Let’s get the world talking about the new Finnish networked start-ups

Let’s get the world talking about the new Finnish networked start-ups

In a fascinating article for Helsingin Sanomat, Matti Pohjola of Aalto University just pointed out that Finland needs to step up its investments in service innovations as a way of boosting service exports. Service exports, he points out, are the unsung stars of the Finnish economy. Whereas product exports by traditional industries have flagged and are still 6 percent behind where they were ten years ago, service exports have grown by 30 percent in the same period.

Julkaistu 19.8.2016

Is wage moderation the only game in town?
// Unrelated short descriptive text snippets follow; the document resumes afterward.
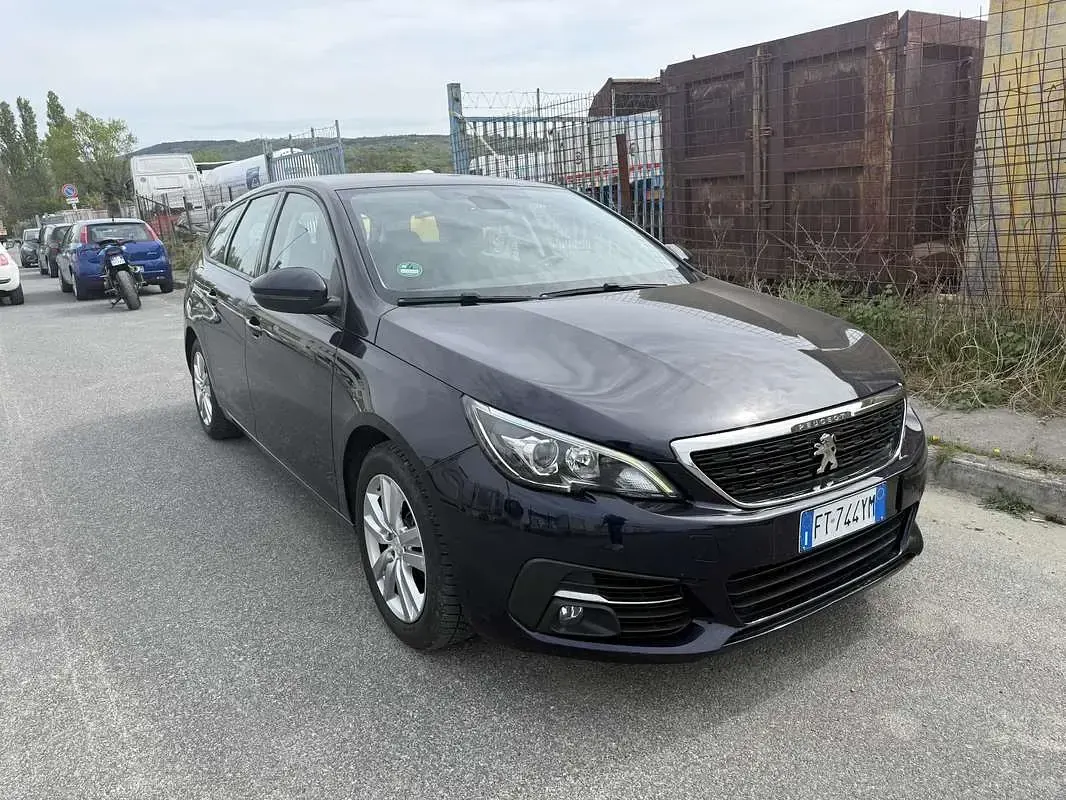 Usata Peugeot 308 SW Business-Line 131 CV (96 kW) 2019 Station wagon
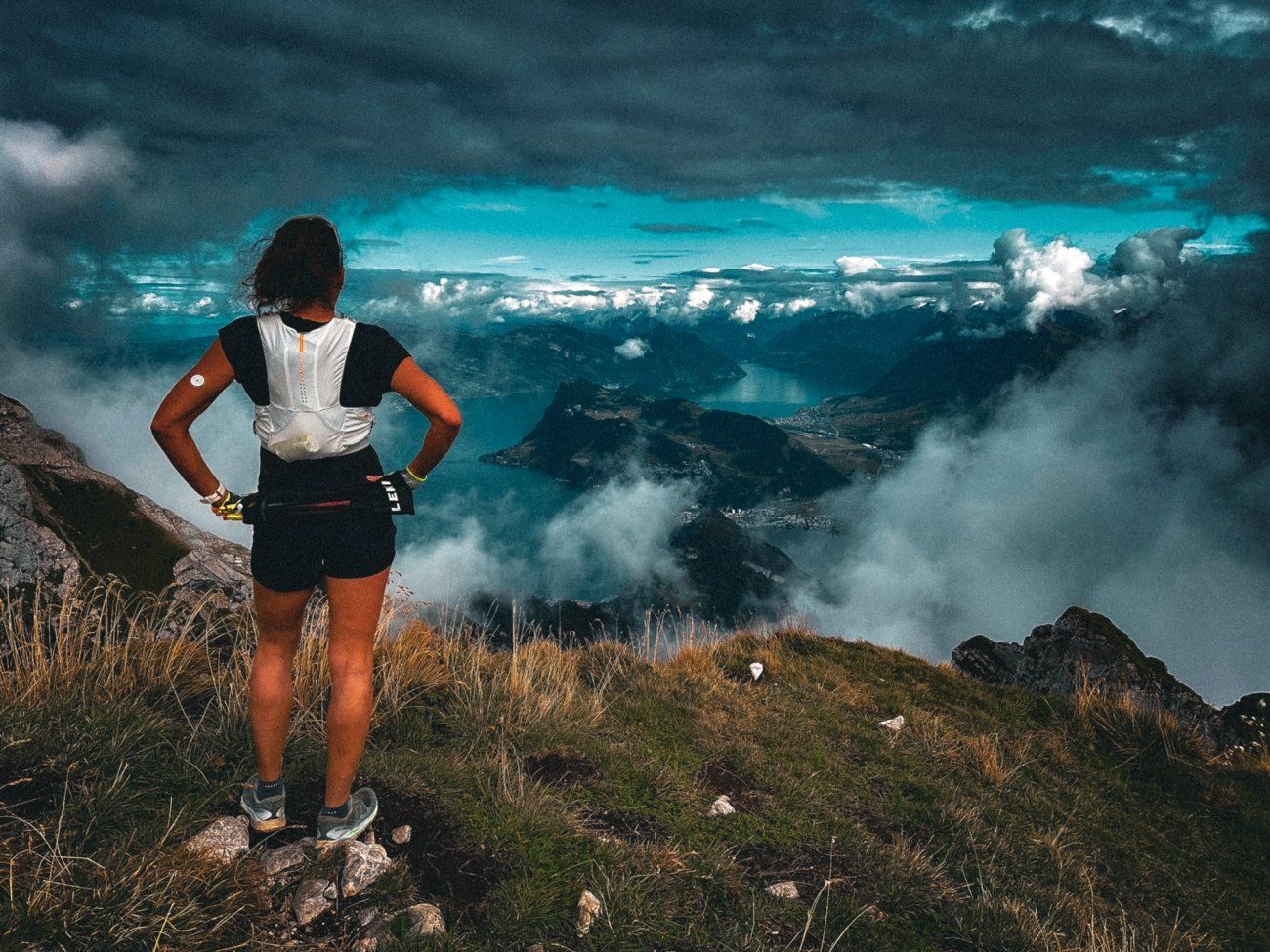 Trailrunnerin mit Supersapiens Glukose Biosensor während des Trainings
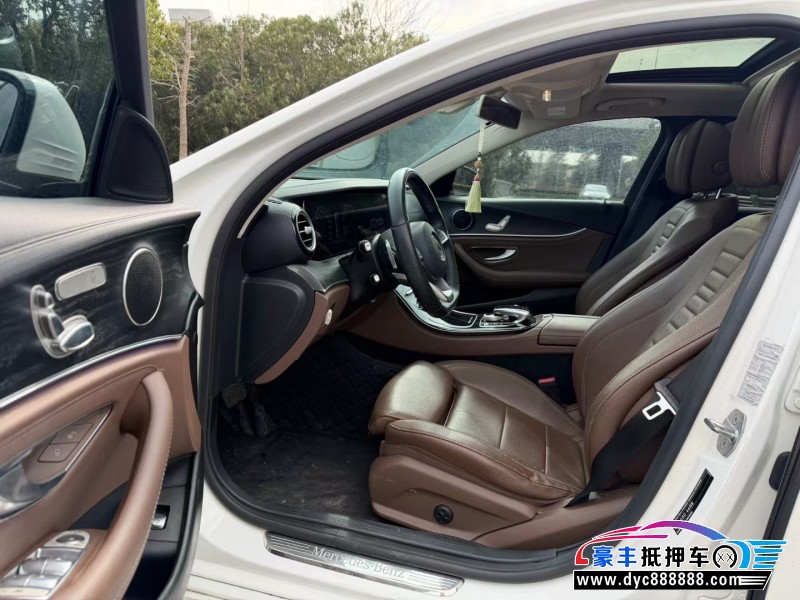 17年奔驰E轿车抵押车出售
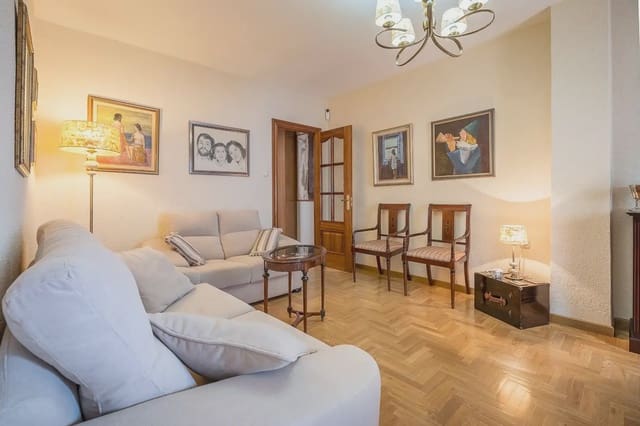 3 sovrum Lägenhet till salu i Pajaritos - Plaza de Toros, Granada stad - 375 000 € (Ref: 9850067)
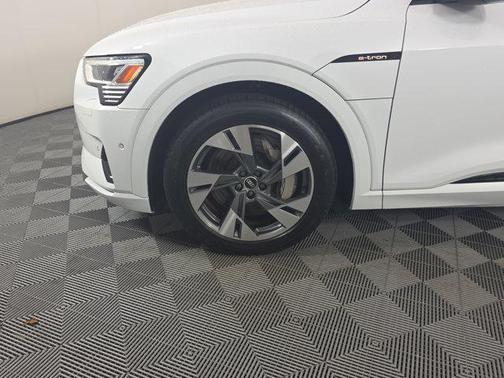 2021 Audi e-tron Premium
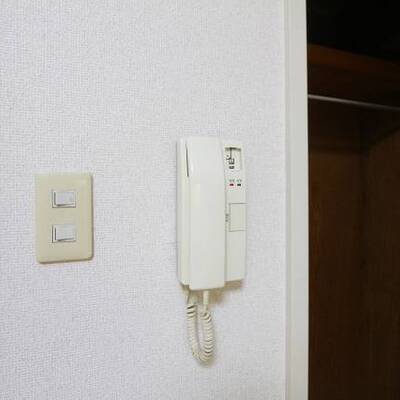 
						インターホンで来客時に確認ができます。（イメージ写真）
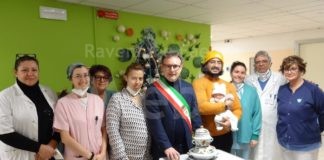 Il sindaco Massimo Isola consegna l’Impagliata al primo faentino nato, Othman Youssef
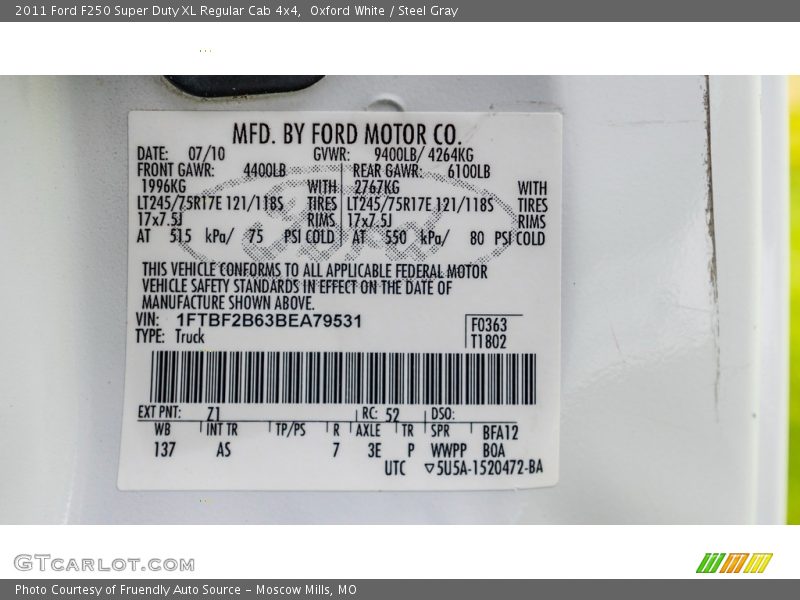 Oxford White / Steel Gray 2011 Ford F250 Super Duty XL Regular Cab 4x4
So wage moderation is not the solution to Finland’s economic problems, or at least the whole solution. Finland needs to play on its strengths and boost its service exports and this, of course, means communication about services (as well as investment in innovative services themselves). Here’s the question though, based on a conversation I just had with a friend who runs a small software business. Software services are one of Finland’s new stars of the service export sphere and, since the twilight of a Finnish giant a few years ago – you know, burning platforms and all that – software development in Finland has broken down into hundreds, maybe thousands, of constellations of small businesses. These SMEs, my friend told me, join together into loosely formed cooperation networks depending on the project and the expertise needed. They need to be agile and adept at forming relationships which might be long-term or add up to the odd ‘one-night stand’, in order to source the kinds of skills any particular customer might want.

How can Semantix help?

This got me thinking  about what we at Semantix can do for these forming and reforming constellations of SMEs. A glance at my office window reveals a plaque which bears Semantix’s motto, “We facilitate international business and bring cultures together”. “If you’re working together in a network entity,” I asked my friend, “and you want to export software services, wouldn’t some seriously good, fast and reasonably priced commercial translation come in handy, to sell your stuff abroad? No need for anyone on your payroll – just pay for each text as you go at rates an SME can afford. Isn’t that the kind of help you’d need if you want to replicate successful services for export?” As I suspected, he nodded in agreement.

Size doesn’t matter 

Which brings me to my point. No company cherishes its large partners and customers more than Semantix does. But we also want to be part of the Finnish business scene that’s breaking down into chains and networks of SMEs in certain sectors. No matter how big or small, businesses of all kinds are our business.